Elles soutiennent que :

- l'urgence est caractérisée, dès lors que l'arrêté contesté entrave la liberté de chacun de leurs membres de circuler librement sur le territoire de la commune de Grevilly et que la modification du trajet des randonnées en quads, en groupes guidés, qui doit se tenir les 24 et 25 août 2024, est impossible ;

- l'arrêté attaqué porte une atteinte grave et manifestement illégale à la liberté d'aller et venir, aux intérêts qu'elles défendent et aux intérêts de leurs membres et des participants aux randonnées des 24 et 25 août 2024, au droit de circuler librement, à la liberté du commerce et de l'industrie et à la liberté d'entreprendre ;

- il est dépourvu de toute motivation ;

- il édicte une mesure générale et absolue, à savoir l'interdiction de la circulation de tous les véhicules à moteur qualifiés " de loisirs ", sans aucune distinction, sur tout le territoire de la commune de Grevilly sans exception, du 22 au 25 août 2024.

La requête a été communiquée à la commune de Grevilly, qui n'a pas produit de mémoire en défense mais qui a produit une pièce, enregistrée le 20 août 2024 et qui a été communiquée.

Vu les autres pièces du dossier.

Vu :

- la Constitution ;

- le code général des collectivités territoriales ;

- le code de justice administrative.

Le président du tribunal a désigné M. Cherief, conseiller, pour statuer sur les demandes de référé.

Les parties ont été régulièrement convoquées à l'audience du 22 août 2024 à 9 heures.

A été entendu au cours de l'audience publique, tenue en présence de Mme Lelong, greffière d'audience, le rapport de M. Cherief, juge des référés.

Les parties n'étaient ni présentes ni représentées.

La clôture de l'instruction a été prononcée à l'issue de l'audience.

Considérant ce qui suit :

1. Aux termes de l'article L. 521-2 du code de justice administrative : " Saisi d'une demande en ce sens justifiée par l'urgence, le juge des référés peut ordonner toutes mesures nécessaires à la sauvegarde d'une liberté fondamentale à laquelle une personne morale de droit public ou un organisme de droit privé chargé de la gestion d'un service public aurait porté, dans l'exercice d'un de ses pouvoirs, une atteinte grave et manifestement illégale. Le juge des référés se prononce dans un délai de quarante-huit heures ".
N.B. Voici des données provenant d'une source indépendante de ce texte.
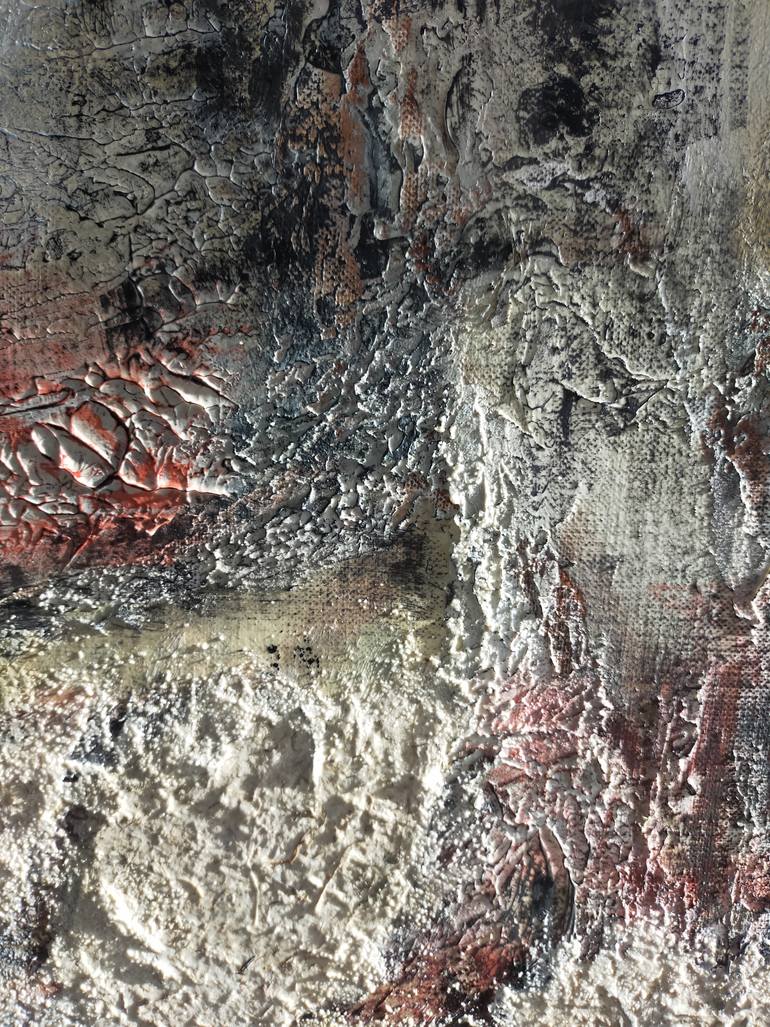 Original Other Abstract Painting by Vroelant Emmanuelle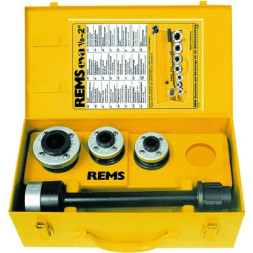 520026 Плашка-удлинитель L=300 мм S SET Ø1/2″ - 1″ REMS GmbH & Co KG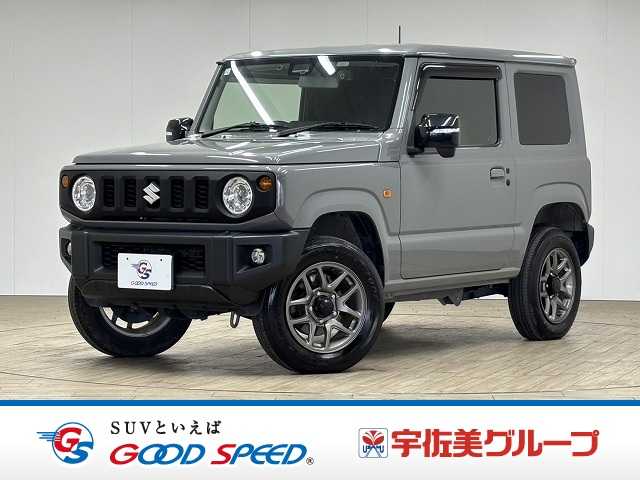 スズキジムニー◆XC 外観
2. Il résulte de l'instruction que, par un arrêté du 20 août 2024, postérieur à l'introduction de la présente requête, la commune de Grevilly a procédé au retrait de l'arrêté attaqué du 25 juin 2024. Dès lors, les conclusions à fin de suspension présentées par les associations requérantes sont devenues sans objet et il n'y a plus lieu d'y statuer.

Sur les frais liés à l'instance :

3. La commune de Grevilly versera la somme de 500 euros à l'association Collectif de défense des loisirs verts et 500 euros à l'Association motocycliste de Pont-de-Vaux sur le fondement des dispositions de l'article L. 761- 1 du code de justice administrative.

O R D O N N E :

Article 1 : Il n'y a pas lieu de statuer sur les conclusions à fin de suspension présentées par les associations Collectif de défense des loisirs verts et Association motocycliste de Pont-de-Vaux.

Article 2 : La commune de Grevilly versera la somme de 500 euros à l'association Collectif de défense des loisirs verts et 500 euros à l'Association motocycliste de Pont-de-Vaux sur le fondement des dispositions de l'article L. 761- 1 du code de justice administrative.

Article 3 : La présente ordonnance sera notifiée à l'association Collectif de défense des loisirs verts, à l'Association motocycliste de Pont-de-Vaux, et à la commune de Grevilly.

Copie en sera adressée au Préfet de l'Ain et au Préfet de la Saône-et-Loire

Fait à Dijon, le 22 août 2024

Le juge des référés,

H. CHERIEF

La République mande et ordonne au Préfet de Saône-et-Loire en ce qui le concerne ou à tous huissiers de justice à ce requis en ce qui concerne les voies de droit commun, contre les parties privées, de pourvoir à l'exécution de la présente décision.